Pakistani minister spars with clerics over moon-sighting ushering in Ramadan

Special Pakistani minister spars with clerics over moon-sighting ushering in Ramadan
Fawad Chaudhry. (AP)
Updated 07 May 2019
Follow

Pakistani minister spars with clerics over moon-sighting ushering in Ramadan

Pakistani minister spars with clerics over moon-sighting ushering in Ramadan
  • Fawad Chaudhry sets up committee of scientists and meteorologists to make new lunar calendar for religious festivals
  • Religious holidays are traditionally determined in Pakistan by the physical sighting of the moon by clerics

ISLAMABAD: Pakistan’s minister for science and technology Fawad Chaudhry said on Tuesday he had constituted a committee to devise a five-year calendar to determine the dates of religious occasions that rely on a new moon, taking on powerful clerics who have traditionally used telescopes to physically sight the moon before important holidays.

Islamic scholars disagree on whether the moon must be physically seen for the Muslim fasting month of Ramadan and other religious holidays to begin.

For the last many years on the eve of Ramadan, the country has found itself split on whether or not a new moon had been sighted. As a result, the country’s northwest regions often start the fasting month a day earlier than Punjab, Balochistan and Sindh provinces, as they did this year also.

“Ministry of Science n Tech Committee to resolve #moonsighting controversy constituted,” Chaudhry said in a Twitter post on Tuesday.

The committee includes scientists from Pakistan's space agency and its meteorological department and “would finalize the calendar to indicate the exact dates of Ramadan, Eid-ul-Fitr & Eid-ul-Azha and Moharram for the next five years with 100% accuracy,” a notification from the science and technology ministry said, referring to the names of important Islamic months and holidays.

On Sunday, Chaudhry took on Mufti Muneeb-ur-Rehman, the powerful cleric who heads the Central Ruet-e-Hilal Committee of Pakistan, the department which announces the sighting of the new moon, saying he would set up a committee that would use “modern methods” to produce a lunar calendar based on the objective position of the moon in the sky rather than on actual moon sightings.

“In Pakistan we have seen every time, on Eid, on Ramadan, during Muharram, a controversy arises on the moon,” Chaudhry said in a video posted on Twitter. “When modern methods are available, and we can decide on a definite date, then the question is, why do we not use the modern technology?”

Chaudhry said if the Ruet-e-Hilal committee thought it was appropriate to use telescopes, an outdated technology, to sight the moon then why did they resist using modern technologies, adding that he was resolved to make a new calendar and put it before cabinet for approval.

In response, Rehman has accused Chaudhry of being "unaware of religious matters" and said in interviews to local media that he had “previously appealed to the Prime Minister to allow only concerned ministers to speak on religious issues.”
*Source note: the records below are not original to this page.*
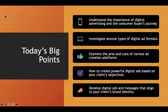Here's what we're going to accomplish today. I want you to understand the importance of digital advertisement as it relates to the consumer buyer's journey, remembering where people are in their decision-making process. We're going to look at lots of different types of digital ad formats, and then look at the pros and cons of various creation platforms, how to create digital ads for your marketing plans, and how to translate your brand identity into your digital properties.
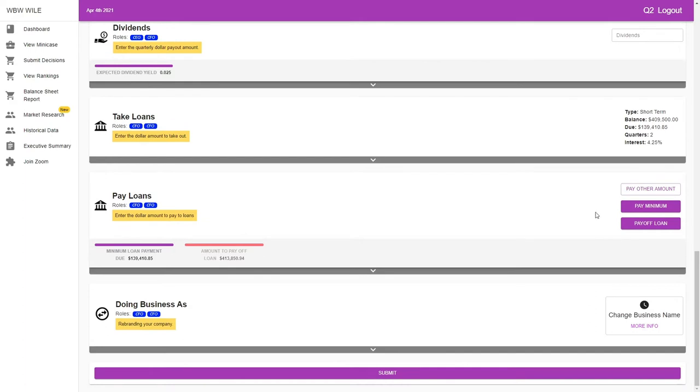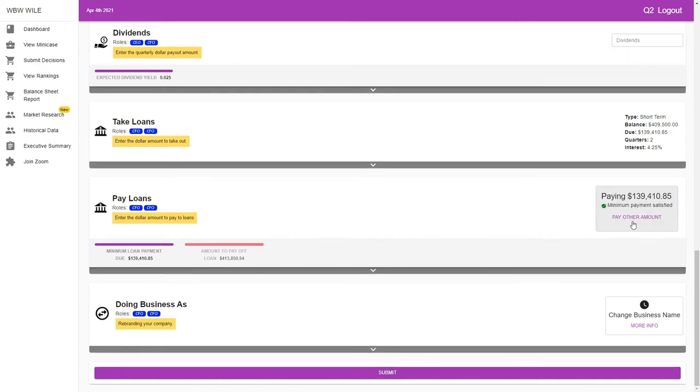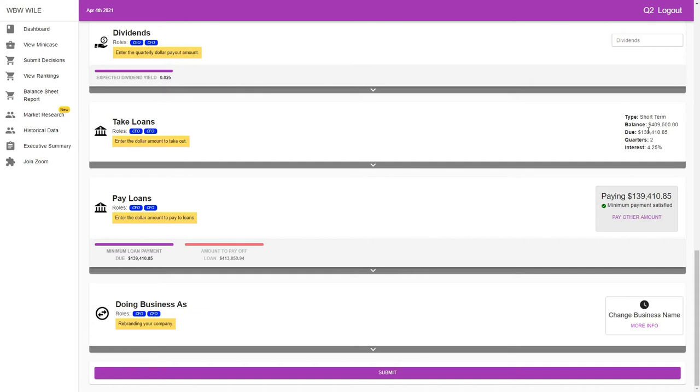We have to pay some amount on the loan here. We could pay the minimum, we could pay another amount, or pay the loan entirely to remove it. By paying the minimum, it'll automatically take that $139,410.85 out of our accounts and pay it. This is the minimum amount satisfied. This is good, but it leaves us another two quarters of interest to deal with.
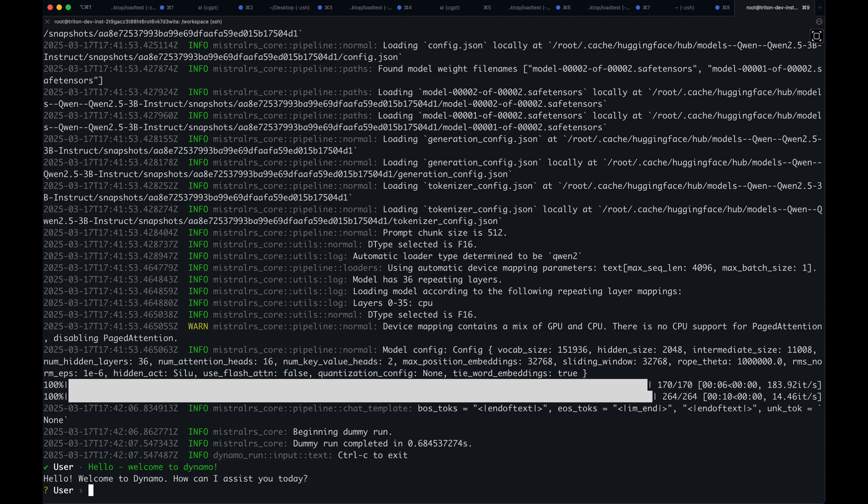Awesome. So once you're ready to configure your applications and do a bit more prototyping, you can start using Dynamo Serve.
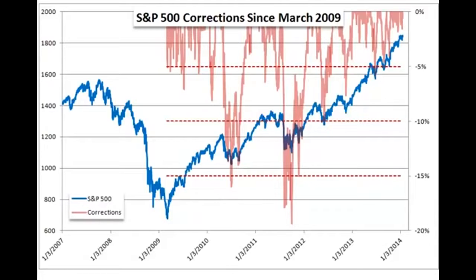We have had no 20% corrections. A 20%-plus correction I would consider a major market event, especially if it happened in a very abrupt and aggressive manner — within a couple of months. So we still haven't seen that major crisis event. But as we've seen from instances in the past, they can develop in different ways. They can take time, or they can happen quite rapidly. Be prepared for both.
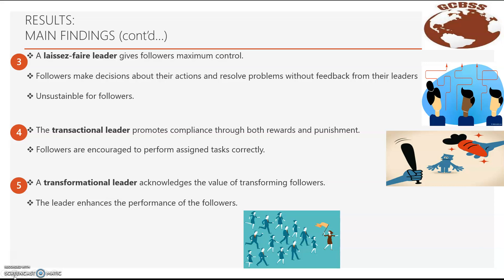Fourth, the transactional leader promotes compliance through both rewards and punishment, and followers are encouraged to perform assigned tasks correctly. Fifth, a transformational leader acknowledges the value of transforming followers, and the leader enhances the performance of the followers.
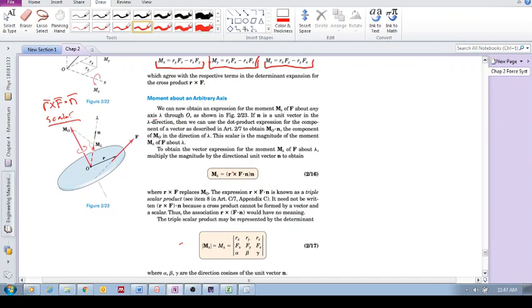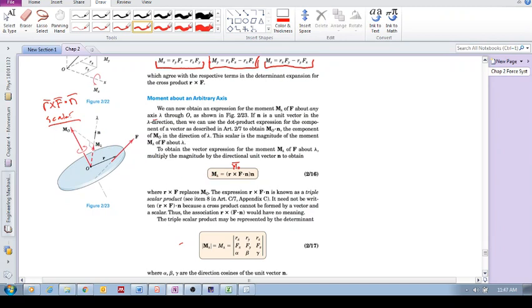So, r cross f, that's the moment, that moment mo. It's a vector, mo. We dot it with n to get our scalar value. And then we have to again multiply it by the unit vector n to convert it now again into a vector. And now we've got our moment vector.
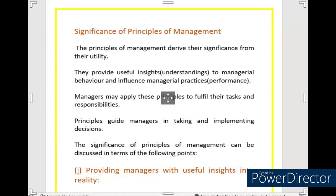Hello students, welcome back on my channel. We are reading Business Today's book and our second chapter, Principles of Management, is going on. In this chapter, we are still going to discuss the principles of management. Today we will read about the Significance of Principles of Management.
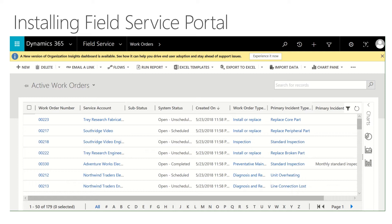In this brief video we're going to show you how to install and do some basic configuration of the Dynamics 365 portal for field service. As you can see here, I have an instance of Dynamics 365 up and running complete with field service in it.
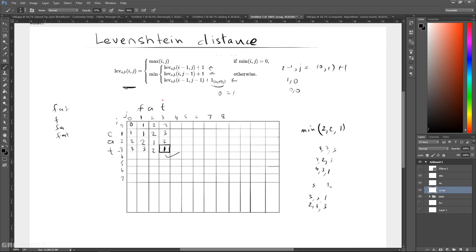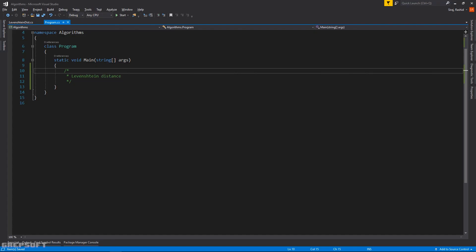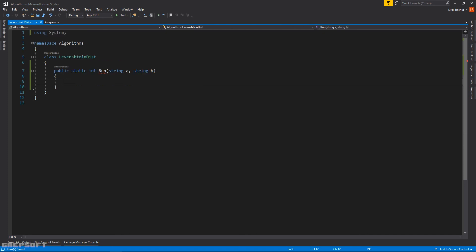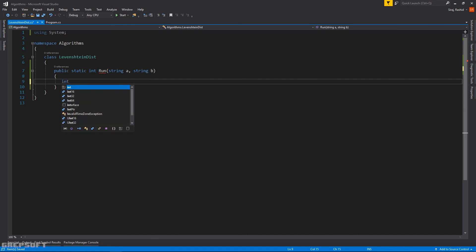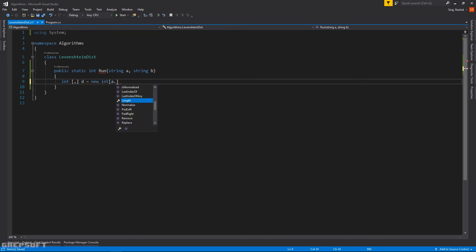Alright, so that's our table value, and now we're going to see if we get the same result in code. We're here in Visual Studio and we're going to start coding this. What I have is just the main function with a comment, nothing else. I have a class Levenshtein with a run method like we always do, and we'll be calling it passing in our two strings. It will return the distance between them. To get started we define the table using a 2D array — new int of a.length plus one — we need to go one over the length of the strings.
Maulana Hafiz Abid Israr of the Pakistan Ulema Council rejected the idea of creating a new lunar calendar, saying the Islamic calendar was created on the basis of Islamic law not science and technology.

“It (Islamic calendar) has been working perfectly fine for centuries,” Israr told Arab News. “If we create a new one on the basis of science and technology, it will start a trend with every government changing the calendar according to their interests.”

“We have a government appointed body dealing with religious matters, so when they decide that they have sighted the moon, we as a nation accept that, we fast accordingly and we celebrate Eid according,” Israr said in support of the the central Ruet-e-Hilal Committee.